MATCH path = (start {name: $name})-[*1..2]-(end)
RETURN path LIMIT 50

Design notes

  • MERGE always — engine never uses bare CREATE
  • Automatic timestamps — engine manages created_at / updated_at
  • No relationship properties in v1 — added only when demonstrated need arises
  • Embeddings are optional — semantic search via any OpenAI-compatible service (Ollama, OpenAI, LM Studio, vLLM, llama.cpp, Jina) enhances search when enabled (DDR-003 Phase B+C, DDR-004). On Neo4j the vector index on (:Embedded) covers all node types; on SQLite vectors live in the node_embeddings vec0 virtual table.
  • Always parameterise queries — never string-format Cypher (Neo4j) or SQL (SQLite).

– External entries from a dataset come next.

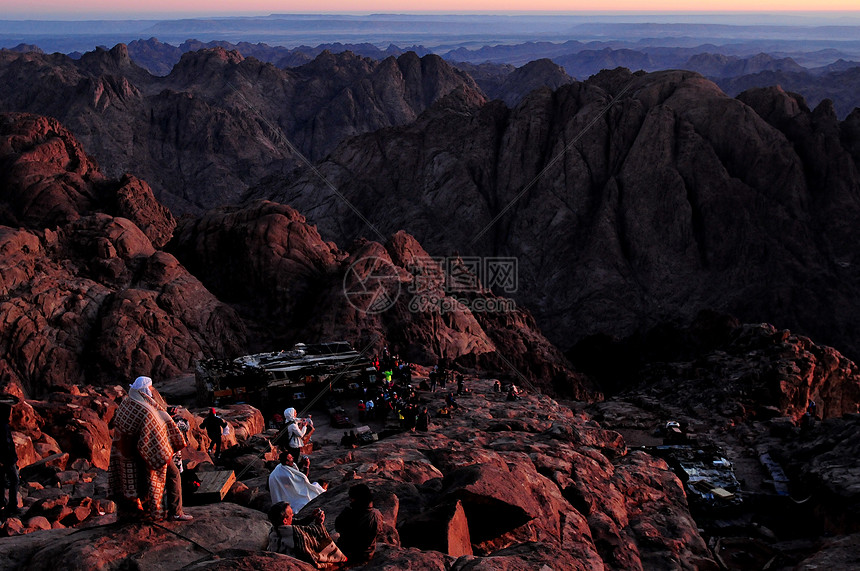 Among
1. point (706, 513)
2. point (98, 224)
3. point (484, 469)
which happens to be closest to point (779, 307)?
point (706, 513)

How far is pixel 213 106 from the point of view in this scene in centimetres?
11362

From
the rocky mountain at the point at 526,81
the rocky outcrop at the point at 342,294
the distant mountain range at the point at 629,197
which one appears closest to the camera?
the rocky outcrop at the point at 342,294

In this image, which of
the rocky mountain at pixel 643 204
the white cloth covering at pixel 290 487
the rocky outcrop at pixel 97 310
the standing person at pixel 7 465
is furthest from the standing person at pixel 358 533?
the rocky mountain at pixel 643 204

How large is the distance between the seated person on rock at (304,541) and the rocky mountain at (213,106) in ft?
286

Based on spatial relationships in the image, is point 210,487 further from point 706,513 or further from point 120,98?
point 120,98

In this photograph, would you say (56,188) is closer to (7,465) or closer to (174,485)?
(7,465)

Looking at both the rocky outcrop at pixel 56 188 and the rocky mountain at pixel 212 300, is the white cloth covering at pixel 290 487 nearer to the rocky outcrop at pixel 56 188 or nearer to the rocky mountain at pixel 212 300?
the rocky mountain at pixel 212 300

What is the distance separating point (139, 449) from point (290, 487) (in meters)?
2.84

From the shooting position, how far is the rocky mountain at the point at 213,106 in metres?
101

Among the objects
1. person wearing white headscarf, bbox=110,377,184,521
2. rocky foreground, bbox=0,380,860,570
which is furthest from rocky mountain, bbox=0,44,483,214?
person wearing white headscarf, bbox=110,377,184,521

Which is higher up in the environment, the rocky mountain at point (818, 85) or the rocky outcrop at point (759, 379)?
the rocky mountain at point (818, 85)

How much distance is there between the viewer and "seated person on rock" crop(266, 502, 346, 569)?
23.6ft

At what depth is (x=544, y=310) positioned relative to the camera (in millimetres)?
61469

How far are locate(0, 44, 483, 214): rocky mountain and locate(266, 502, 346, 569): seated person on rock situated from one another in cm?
8716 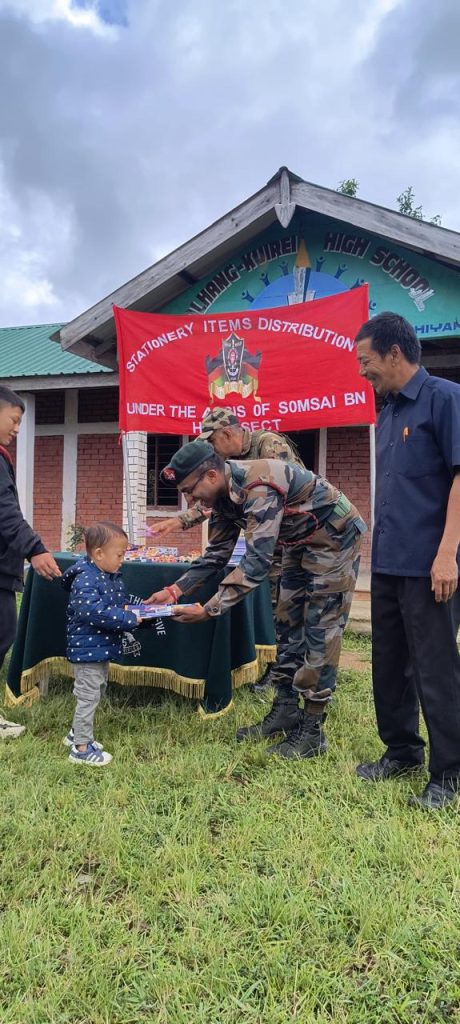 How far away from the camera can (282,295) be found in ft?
22.9

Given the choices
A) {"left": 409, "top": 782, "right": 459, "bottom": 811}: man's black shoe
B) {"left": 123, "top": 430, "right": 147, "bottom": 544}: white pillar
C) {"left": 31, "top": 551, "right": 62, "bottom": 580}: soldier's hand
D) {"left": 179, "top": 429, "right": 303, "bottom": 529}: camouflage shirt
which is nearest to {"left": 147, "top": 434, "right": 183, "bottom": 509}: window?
{"left": 123, "top": 430, "right": 147, "bottom": 544}: white pillar

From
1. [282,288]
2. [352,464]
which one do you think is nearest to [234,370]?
[282,288]

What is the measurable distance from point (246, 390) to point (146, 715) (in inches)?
151

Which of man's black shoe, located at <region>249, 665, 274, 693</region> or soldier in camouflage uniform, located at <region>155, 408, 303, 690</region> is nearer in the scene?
soldier in camouflage uniform, located at <region>155, 408, 303, 690</region>

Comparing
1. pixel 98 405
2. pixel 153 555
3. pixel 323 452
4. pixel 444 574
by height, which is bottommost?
pixel 153 555

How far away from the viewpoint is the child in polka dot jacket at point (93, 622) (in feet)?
9.50

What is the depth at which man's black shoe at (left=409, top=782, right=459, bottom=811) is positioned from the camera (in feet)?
7.83

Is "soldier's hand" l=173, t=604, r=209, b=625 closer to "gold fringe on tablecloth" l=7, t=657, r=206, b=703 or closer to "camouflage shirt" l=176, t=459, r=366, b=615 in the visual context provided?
"camouflage shirt" l=176, t=459, r=366, b=615

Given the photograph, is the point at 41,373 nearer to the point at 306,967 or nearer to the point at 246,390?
the point at 246,390

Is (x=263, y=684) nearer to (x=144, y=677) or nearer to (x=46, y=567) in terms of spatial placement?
(x=144, y=677)

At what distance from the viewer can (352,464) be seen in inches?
355

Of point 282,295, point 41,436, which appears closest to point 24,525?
point 282,295

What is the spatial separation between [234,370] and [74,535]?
195 inches

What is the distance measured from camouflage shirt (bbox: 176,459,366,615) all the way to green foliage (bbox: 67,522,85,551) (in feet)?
24.2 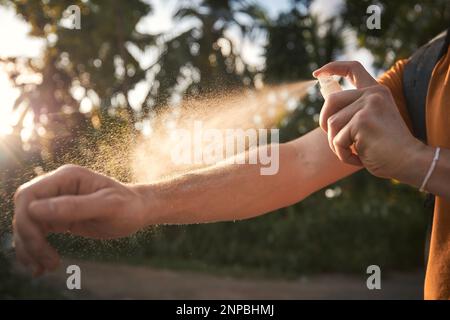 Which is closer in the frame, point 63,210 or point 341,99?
point 63,210

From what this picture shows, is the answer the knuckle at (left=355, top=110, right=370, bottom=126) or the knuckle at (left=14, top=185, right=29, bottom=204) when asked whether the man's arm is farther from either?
the knuckle at (left=355, top=110, right=370, bottom=126)

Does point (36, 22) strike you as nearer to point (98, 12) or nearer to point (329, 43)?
point (98, 12)

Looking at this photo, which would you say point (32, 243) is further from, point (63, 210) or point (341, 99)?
point (341, 99)

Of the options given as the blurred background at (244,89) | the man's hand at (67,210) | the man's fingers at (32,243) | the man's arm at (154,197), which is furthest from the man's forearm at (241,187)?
the blurred background at (244,89)

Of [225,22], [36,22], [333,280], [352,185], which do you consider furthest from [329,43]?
[36,22]

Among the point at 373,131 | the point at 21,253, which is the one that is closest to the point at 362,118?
the point at 373,131

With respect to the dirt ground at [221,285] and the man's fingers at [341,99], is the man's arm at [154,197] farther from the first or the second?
the dirt ground at [221,285]

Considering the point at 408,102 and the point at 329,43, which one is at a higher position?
the point at 329,43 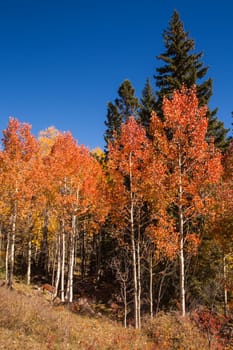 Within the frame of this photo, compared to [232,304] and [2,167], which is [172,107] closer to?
[232,304]

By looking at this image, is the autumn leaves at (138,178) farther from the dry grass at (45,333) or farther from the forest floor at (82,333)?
the dry grass at (45,333)

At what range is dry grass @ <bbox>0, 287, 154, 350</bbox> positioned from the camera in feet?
29.5

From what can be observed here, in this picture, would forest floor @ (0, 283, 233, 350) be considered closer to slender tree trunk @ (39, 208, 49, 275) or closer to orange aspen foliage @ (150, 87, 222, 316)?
orange aspen foliage @ (150, 87, 222, 316)

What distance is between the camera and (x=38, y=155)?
2075 centimetres

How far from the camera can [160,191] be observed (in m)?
14.0

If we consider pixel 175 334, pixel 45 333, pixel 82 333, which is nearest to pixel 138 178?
pixel 175 334

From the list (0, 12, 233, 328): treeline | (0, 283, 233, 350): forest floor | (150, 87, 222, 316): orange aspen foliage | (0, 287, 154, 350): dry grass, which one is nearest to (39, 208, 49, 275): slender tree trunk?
(0, 12, 233, 328): treeline

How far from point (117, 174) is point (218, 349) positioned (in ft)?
31.1

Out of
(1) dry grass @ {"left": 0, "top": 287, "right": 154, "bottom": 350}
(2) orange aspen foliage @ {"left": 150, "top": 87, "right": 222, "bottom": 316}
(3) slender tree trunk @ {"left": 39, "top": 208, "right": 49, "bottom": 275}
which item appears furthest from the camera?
(3) slender tree trunk @ {"left": 39, "top": 208, "right": 49, "bottom": 275}

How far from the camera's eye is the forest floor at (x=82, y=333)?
9.24m

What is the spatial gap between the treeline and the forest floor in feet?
3.62

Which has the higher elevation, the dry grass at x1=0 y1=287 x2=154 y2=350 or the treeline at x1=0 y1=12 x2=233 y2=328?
the treeline at x1=0 y1=12 x2=233 y2=328

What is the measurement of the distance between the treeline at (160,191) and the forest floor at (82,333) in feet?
3.62

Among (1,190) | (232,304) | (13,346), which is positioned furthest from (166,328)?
(1,190) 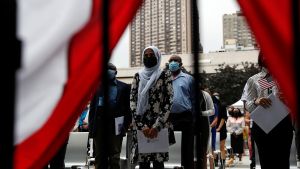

Both backends use parameter binding.
  • Temporal fields auto-managedvalid_from, confidence set on creation; valid_to cleared on revival (MATCH). Decay applied via engrama decay CLI.
  • Schema is backend-agnostic — the same labels and relationships defined in profiles/*.yaml apply to either backend. See backends.md for the decision guide between SQLite and Neo4j.